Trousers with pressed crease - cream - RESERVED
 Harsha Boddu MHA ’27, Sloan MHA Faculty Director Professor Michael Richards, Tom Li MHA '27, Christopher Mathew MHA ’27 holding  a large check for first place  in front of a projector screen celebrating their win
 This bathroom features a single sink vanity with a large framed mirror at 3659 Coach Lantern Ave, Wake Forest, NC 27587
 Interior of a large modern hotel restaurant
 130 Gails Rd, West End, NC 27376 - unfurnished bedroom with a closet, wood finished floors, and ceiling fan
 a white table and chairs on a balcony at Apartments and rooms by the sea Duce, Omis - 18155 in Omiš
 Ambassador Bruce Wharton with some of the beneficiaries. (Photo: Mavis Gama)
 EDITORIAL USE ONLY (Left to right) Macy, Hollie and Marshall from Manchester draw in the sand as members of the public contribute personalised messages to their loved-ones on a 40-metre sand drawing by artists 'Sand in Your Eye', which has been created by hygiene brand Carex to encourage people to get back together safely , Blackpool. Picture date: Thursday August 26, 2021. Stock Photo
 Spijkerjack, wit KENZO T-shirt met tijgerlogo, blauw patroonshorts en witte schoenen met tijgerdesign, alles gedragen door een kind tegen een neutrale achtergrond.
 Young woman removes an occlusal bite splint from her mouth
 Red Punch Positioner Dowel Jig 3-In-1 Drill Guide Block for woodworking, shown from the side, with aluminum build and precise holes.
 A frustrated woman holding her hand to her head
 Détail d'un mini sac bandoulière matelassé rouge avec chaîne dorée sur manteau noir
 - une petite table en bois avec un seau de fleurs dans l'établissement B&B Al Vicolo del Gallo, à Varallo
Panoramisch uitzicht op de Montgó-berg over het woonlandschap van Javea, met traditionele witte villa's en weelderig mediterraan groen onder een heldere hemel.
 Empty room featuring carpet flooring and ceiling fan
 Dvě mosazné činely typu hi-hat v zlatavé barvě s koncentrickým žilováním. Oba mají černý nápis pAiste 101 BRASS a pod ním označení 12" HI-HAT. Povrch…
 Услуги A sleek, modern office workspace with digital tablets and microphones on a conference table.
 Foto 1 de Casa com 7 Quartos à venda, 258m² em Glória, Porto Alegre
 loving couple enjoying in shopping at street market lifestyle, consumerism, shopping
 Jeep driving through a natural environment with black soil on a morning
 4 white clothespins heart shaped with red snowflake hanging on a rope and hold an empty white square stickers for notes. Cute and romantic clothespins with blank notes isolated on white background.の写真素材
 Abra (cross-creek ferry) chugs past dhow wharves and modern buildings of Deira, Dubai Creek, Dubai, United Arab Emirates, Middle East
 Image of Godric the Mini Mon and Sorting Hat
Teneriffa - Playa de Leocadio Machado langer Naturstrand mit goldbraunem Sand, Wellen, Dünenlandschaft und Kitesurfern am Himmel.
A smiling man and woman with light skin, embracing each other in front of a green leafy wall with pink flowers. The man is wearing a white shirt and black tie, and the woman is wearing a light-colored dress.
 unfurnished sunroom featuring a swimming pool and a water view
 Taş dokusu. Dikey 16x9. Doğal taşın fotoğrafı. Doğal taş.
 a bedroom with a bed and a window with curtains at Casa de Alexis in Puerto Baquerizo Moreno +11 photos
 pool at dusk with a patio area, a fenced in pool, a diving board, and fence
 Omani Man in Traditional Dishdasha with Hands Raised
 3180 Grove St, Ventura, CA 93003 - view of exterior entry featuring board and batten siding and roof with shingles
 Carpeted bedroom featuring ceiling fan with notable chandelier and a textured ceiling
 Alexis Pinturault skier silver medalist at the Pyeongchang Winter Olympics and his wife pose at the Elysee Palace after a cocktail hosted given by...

● Exercise details
Your response should be made up of the lines in the data that contain the word "white".

● Exercise output
 a white table and chairs on a balcony at Apartments and rooms by the sea Duce, Omis - 18155 in Omiš
 4 white clothespins heart shaped with red snowflake hanging on a rope and hold an empty white square stickers for notes. Cute and romantic clothespins with blank notes isolated on white background.の写真素材
A smiling man and woman with light skin, embracing each other in front of a green leafy wall with pink flowers. The man is wearing a white shirt and black tie, and the woman is wearing a light-colored dress.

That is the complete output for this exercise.